Za ginipiggu 2: Chiniku no hana (1985)

Your tooth decay brings great dishonour to the daimyo

The Za ginipiggu (Guinea Pig) series of films were an attempt to create the most vile, disgusting horror films possible. Based on a viewing of the second, they largely succeeded. There are six films in the series, seven if you count Za ginipiggu 7: Zansatsu supeshyaru (Guinea Pig 7: Slaughter Special), which is essentially a highlights reel.

The first film surrounds kidnapping of a young girl, who is subjected to a series of tortures as an experiment on the human pain threshold. The abuses start out as relatively mild (Loud noises? Punching and kicking? Administering shots of booze and spinning her around in a chair? Around here we call that "Friday night at the pub") but gradually ramp up in intensity. The third film marks a shift in tone for the series, eschewing the documentary realism for a semblence of plot and elements of humour.

The second film, Za ginipiggu 2: Chiniku no hana (Guinea Pig 2: Flowers of Flesh and Blood) is probably the most (in)famous in the series. It gained brief notoriety when Charlie Sheen came across a bootleg copy of film and the called the FBI, believing it to be a genuine snuff film. Looking at the special effects, it's not hard to see why. Only the editing techniques and a few cartoonish sound effects betray it's origin. Completely plotless, and filmed in a grainy, pseudo-documentary style, the film shows a man dressed as a Samurai slowly and graphically dismembering a sedated girl while reciting poetry. And that's it. It's hard to call it a "horror" film. Certainly it has the capacity to horrify, but there's none of the suspense traditionally associated with horror films. It's like the difference between eroticism and hardcore pornography.

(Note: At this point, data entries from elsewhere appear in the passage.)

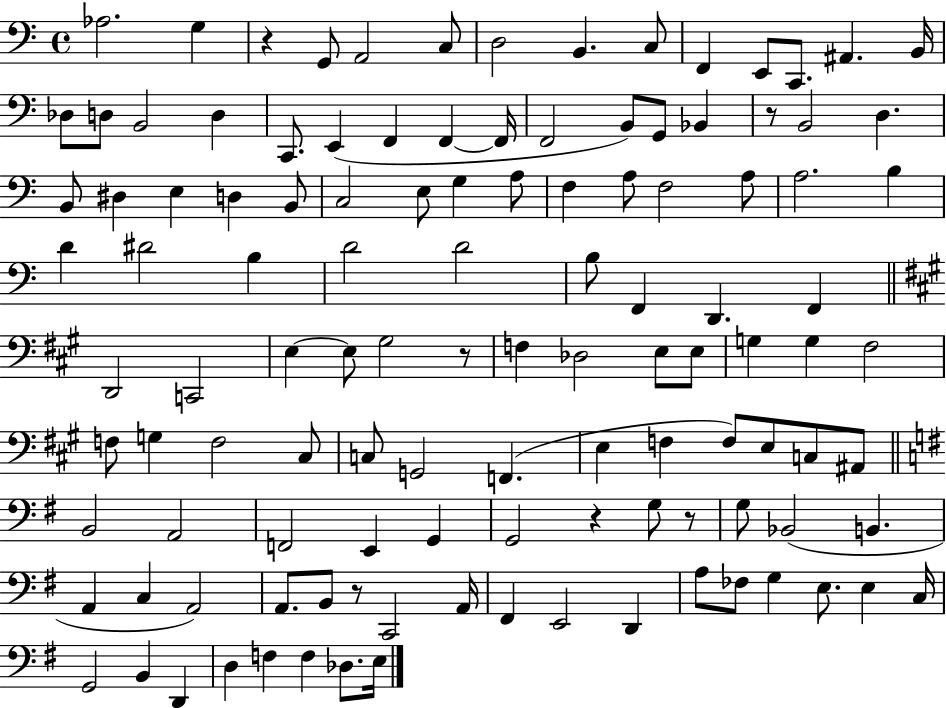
{
  \clef bass
  \time 4/4
  \defaultTimeSignature
  \key c \major
  \repeat volta 2 { aes2. g4 | r4 g,8 a,2 c8 | d2 b,4. c8 | f,4 e,8 c,8. ais,4. b,16 | \break des8 d8 b,2 d4 | c,8. e,4( f,4 f,4~~ f,16 | f,2 b,8) g,8 bes,4 | r8 b,2 d4. | \break b,8 dis4 e4 d4 b,8 | c2 e8 g4 a8 | f4 a8 f2 a8 | a2. b4 | \break d'4 dis'2 b4 | d'2 d'2 | b8 f,4 d,4. f,4 | \bar "||" \break \key a \major d,2 c,2 | e4~~ e8 gis2 r8 | f4 des2 e8 e8 | g4 g4 fis2 | \break f8 g4 f2 cis8 | c8 g,2 f,4.( | e4 f4 f8) e8 c8 ais,8 | \bar "||" \break \key e \minor b,2 a,2 | f,2 e,4 g,4 | g,2 r4 g8 r8 | g8 bes,2( b,4. | \break a,4 c4 a,2) | a,8. b,8 r8 c,2 a,16 | fis,4 e,2 d,4 | a8 fes8 g4 e8. e4 c16 | \break g,2 b,4 d,4 | d4 f4 f4 des8. e16 | } \bar "|."
}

And hardcore it most certainly is... it makes the "torture porn" of the last few years look like a model of restraint. The special effects in this film are some of the most gruesomely realistic I've ever seen. As my review history demonstrates, I am a seasoned gorehound, but this film had me staring at the screen in mute horror, occasionally saying to myself "How did they do that?"

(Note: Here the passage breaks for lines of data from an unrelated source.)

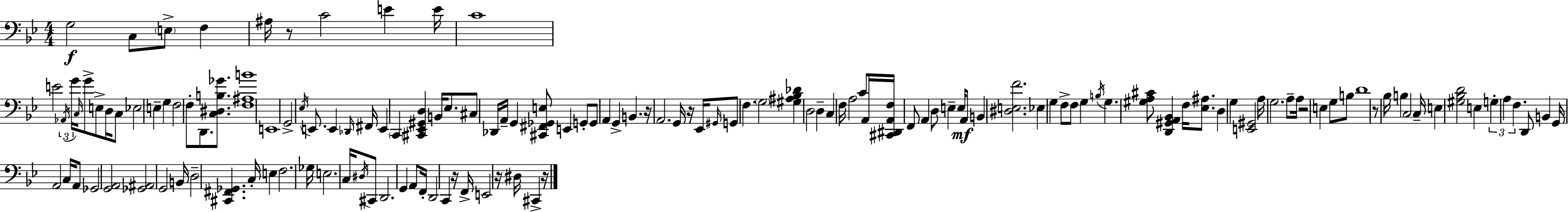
{
  \clef bass
  \numericTimeSignature
  \time 4/4
  \key g \minor
  g2\f c8 \parenthesize e8-> f4 | ais16 r8 c'2 e'4 e'16 | c'1 | e'2 \tuplet 3/2 { \acciaccatura { aes,16 } g'16 \grace { c16 } } g'8-> e8-> d16 | \break c8 ees2 e4-- g4 | f2 f8-. d,8. <c dis b ges'>8. | <f ais b'>1 | e,1 | \break g,2-> \acciaccatura { ees16 } e,8. e,4 | \grace { des,16 } fis,16 e,4 \parenthesize c,4 <cis, ees, gis, d>4 | b,16 ees8. cis8 des,16 a,16-- g,4 <cis, fis, ges, e>8 e,4 | g,8-. g,8 a,4 g,4-> b,4. | \break r16 a,2. | g,16 r16 ees,16 \grace { gis,16 } g,8 f4. \parenthesize g2 | <gis ais bes des'>4 d2 | d4-- c4 f16 a2 | \break c'8 a,16 <cis, dis, a, f>16 f,8 a,4 d8 e4-- | e16\mf a,8 b,4 <dis e f'>2. | ees4 g4 f8-> f8 | g4 \acciaccatura { b16 } g4. <gis a cis'>8 <d, gis, a, bes,>4 | \break f16 <ees ais>8. d4 g4 <e, gis,>2 | a16 g2. | a8-- a16 r2 e4 | g8 b8 d'1 | \break r8 bes16 b4 c2 | c16-- e4 <gis bes d'>2 | e4 \tuplet 3/2 { g4-. a4 f4. } | d,8 b,4 g,16 a,2 | \break c16 a,8 ges,2 <g, a,>2 | <ges, ais,>2 g,2 | b,16 d2-- <cis, fis, ges,>4. | c16-. e4 f2. | \break ges16 e2. | c16 \acciaccatura { dis16 } cis,8 d,2. | g,4 a,8 f,16-. d,2 | c,4 r16 f,16-> e,2 | \break r16 dis16 cis,4-> r16 \bar "|."
}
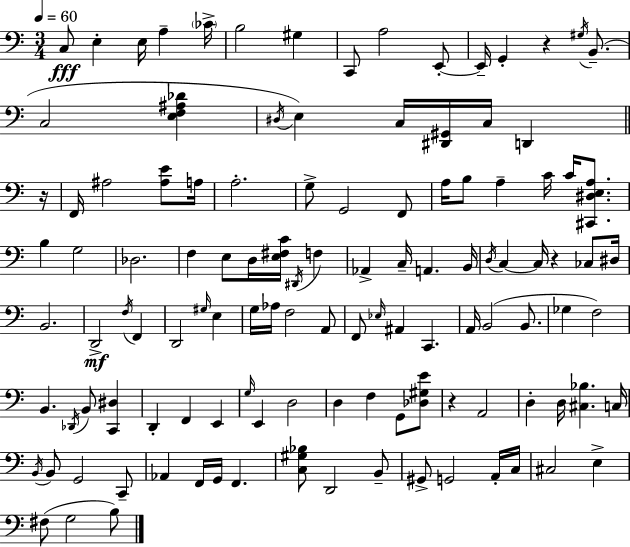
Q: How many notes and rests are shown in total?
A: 117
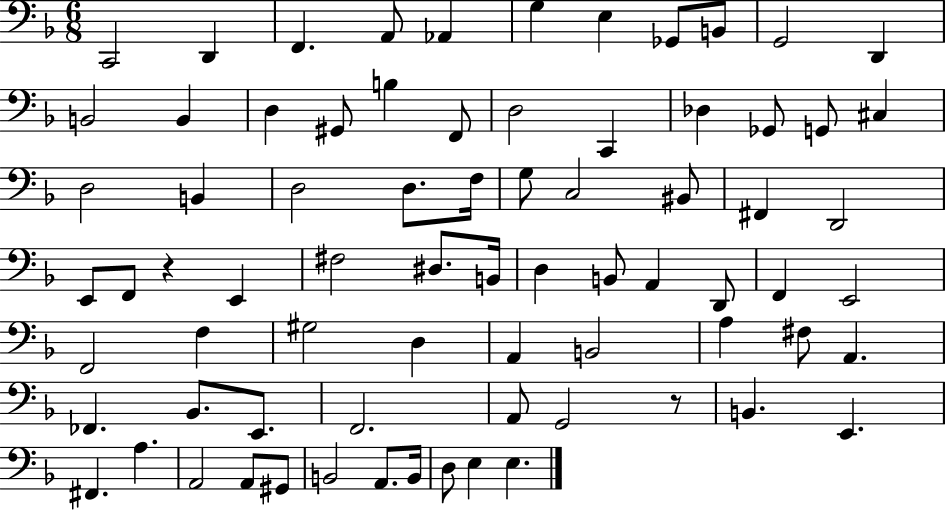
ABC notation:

X:1
T:Untitled
M:6/8
L:1/4
K:F
C,,2 D,, F,, A,,/2 _A,, G, E, _G,,/2 B,,/2 G,,2 D,, B,,2 B,, D, ^G,,/2 B, F,,/2 D,2 C,, _D, _G,,/2 G,,/2 ^C, D,2 B,, D,2 D,/2 F,/4 G,/2 C,2 ^B,,/2 ^F,, D,,2 E,,/2 F,,/2 z E,, ^F,2 ^D,/2 B,,/4 D, B,,/2 A,, D,,/2 F,, E,,2 F,,2 F, ^G,2 D, A,, B,,2 A, ^F,/2 A,, _F,, _B,,/2 E,,/2 F,,2 A,,/2 G,,2 z/2 B,, E,, ^F,, A, A,,2 A,,/2 ^G,,/2 B,,2 A,,/2 B,,/4 D,/2 E, E,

The film was written and directed by Manga artist Hideshi Hino, who injects a vein of queasy sexuality into the proceedings. The film was hugely popular in Japan, but came under public scrutiny when they were discovered in the house of a serial killer, Tsutomu Miyazaki, who had apparently re-enacted one of the scenes from the film in the murder of several little girls.

To say this film isn't for everyone would be a gross understatement. I shudder to contemplate who it might be for.